### [Instructions for the task]
Copy the data below exactly. Any pictures in it should be omitted.

### [Exercise data]
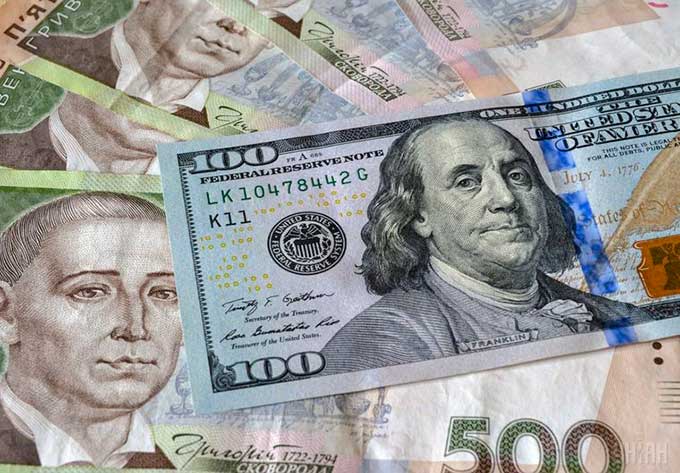На рынке валют снова переполох? Что происходит с долларом в Украине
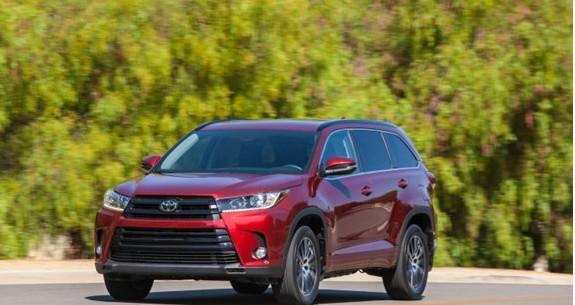 2018款丰田汉兰达！车身加长35mm，2.0T+6AT，还买啥大众途昂？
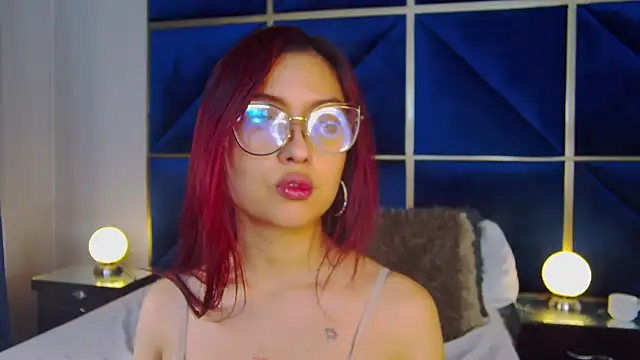 Ivanna_Teaser live sex cam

### [Exercise answer]
На рынке валют снова переполох? Что происходит с долларом в Украине
 2018款丰田汉兰达！车身加长35mm，2.0T+6AT，还买啥大众途昂？
 Ivanna_Teaser live sex cam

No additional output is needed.